Le Parti communiste, et l’Union des jeunes communistes garantissent, selon les articles 5 et 6 de la Constitution, un lien permanent entre le peuple et l’administration du pouvoir. Par cet intermédiaire le peuple est pleinement acteur de la vie politique. Par exemple, la réécriture de la Constitution de 1976 adoptée l’année dernière par référendum à près de 80 % des suffrages s’est faite avec la participation de tous les Cubains. L’apport de la jeunesse sur les questions climatique est par ailleurs considérable.
Bien que critiquées en raison de la proximité de l’auteur avec le dirigeant cubain, les 700 pages d’entretiens, complétées par une bibliographie et une chronologie très détaillées allant de la naissance de Fidel Castro en 1926 à la publication du livre en 2007, permettent de répondre à énormément de questions essentielles à la compréhension de l’histoire du dirigeant et de la Révolution.
Comment garantir l’accès gratuit et à tous de la santé et de l’éducation ? Pourquoi faire de la lutte contre l’analphabétisme une priorité ? Qu’est-ce que l’internationalisme ? Comment se concrétise-t-il ? L’entretien exhaustif donne lieu à l’éclaircissement de nombreux points, des orientations actuelles de la politique économique cubaine, aux conséquences de la chute de l’URSS, en passant par la réalité des prisonniers politiques, angle d’attaque privilégié des détracteurs du processus révolutionnaire.

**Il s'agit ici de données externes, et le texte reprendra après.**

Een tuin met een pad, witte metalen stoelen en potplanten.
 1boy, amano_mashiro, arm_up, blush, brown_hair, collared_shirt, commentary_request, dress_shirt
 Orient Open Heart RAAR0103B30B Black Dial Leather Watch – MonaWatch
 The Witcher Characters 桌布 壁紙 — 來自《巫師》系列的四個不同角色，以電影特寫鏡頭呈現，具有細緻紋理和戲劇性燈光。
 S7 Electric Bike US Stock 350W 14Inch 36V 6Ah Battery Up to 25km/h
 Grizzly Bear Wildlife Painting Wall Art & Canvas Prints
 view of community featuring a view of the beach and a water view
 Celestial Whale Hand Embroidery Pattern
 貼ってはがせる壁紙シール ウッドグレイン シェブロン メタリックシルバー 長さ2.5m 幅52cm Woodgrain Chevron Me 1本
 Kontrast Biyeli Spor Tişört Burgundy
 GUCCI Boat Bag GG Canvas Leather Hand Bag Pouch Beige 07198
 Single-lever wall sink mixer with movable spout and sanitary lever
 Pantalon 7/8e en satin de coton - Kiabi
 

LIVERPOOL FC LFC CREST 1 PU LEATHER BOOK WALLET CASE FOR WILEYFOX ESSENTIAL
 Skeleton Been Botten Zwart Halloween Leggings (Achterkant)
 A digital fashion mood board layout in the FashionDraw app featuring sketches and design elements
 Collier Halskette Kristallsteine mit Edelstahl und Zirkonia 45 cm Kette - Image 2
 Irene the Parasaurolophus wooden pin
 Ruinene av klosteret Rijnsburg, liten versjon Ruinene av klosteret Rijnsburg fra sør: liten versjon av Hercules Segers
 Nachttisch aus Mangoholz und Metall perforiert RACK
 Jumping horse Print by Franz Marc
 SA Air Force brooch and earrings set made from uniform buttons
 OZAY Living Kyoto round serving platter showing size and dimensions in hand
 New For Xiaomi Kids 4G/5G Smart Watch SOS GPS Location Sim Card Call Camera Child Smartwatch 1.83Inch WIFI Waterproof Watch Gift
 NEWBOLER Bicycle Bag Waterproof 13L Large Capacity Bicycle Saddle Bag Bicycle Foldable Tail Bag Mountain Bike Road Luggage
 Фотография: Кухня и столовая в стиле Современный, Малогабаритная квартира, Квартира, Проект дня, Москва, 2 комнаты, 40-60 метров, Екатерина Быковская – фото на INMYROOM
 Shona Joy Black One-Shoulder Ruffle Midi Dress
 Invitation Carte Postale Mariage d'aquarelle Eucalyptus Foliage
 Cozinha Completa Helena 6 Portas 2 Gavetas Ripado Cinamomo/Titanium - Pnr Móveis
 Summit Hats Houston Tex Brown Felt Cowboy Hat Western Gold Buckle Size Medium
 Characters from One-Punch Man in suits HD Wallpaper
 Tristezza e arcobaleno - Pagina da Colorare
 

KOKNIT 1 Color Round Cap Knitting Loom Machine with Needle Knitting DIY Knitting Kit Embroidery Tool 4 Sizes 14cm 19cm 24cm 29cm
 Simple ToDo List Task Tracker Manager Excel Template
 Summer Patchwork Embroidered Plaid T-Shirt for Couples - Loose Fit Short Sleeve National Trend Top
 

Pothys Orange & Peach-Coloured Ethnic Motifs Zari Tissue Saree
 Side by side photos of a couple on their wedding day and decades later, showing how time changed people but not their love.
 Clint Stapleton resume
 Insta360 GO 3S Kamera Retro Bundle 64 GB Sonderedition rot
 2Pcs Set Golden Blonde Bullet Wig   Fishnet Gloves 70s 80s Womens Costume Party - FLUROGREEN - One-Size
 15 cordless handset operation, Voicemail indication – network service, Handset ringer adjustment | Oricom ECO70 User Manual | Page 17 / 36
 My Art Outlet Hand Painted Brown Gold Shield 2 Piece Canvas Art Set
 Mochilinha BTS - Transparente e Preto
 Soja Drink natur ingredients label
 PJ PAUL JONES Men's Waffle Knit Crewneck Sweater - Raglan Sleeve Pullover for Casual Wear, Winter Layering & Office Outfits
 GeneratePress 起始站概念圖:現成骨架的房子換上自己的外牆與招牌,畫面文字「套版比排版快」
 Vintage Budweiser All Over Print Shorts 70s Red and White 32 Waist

À l’heure où les pays libéraux brillent par leur incapacité à gérer la crise sanitaire, trop obsédés par le maintien à tout prix de la production économique qui se joue au détriment de la vie des salariés, tout porte à croire qu’il est grand temps de s’orienter vers une réorganisation profonde de la société. Bien que profondément liée à l’histoire particulière de l’île, la révolution cubaine amorcée il y a de cela 60 ans peut être source d’inspiration pour les luttes sociales à venir.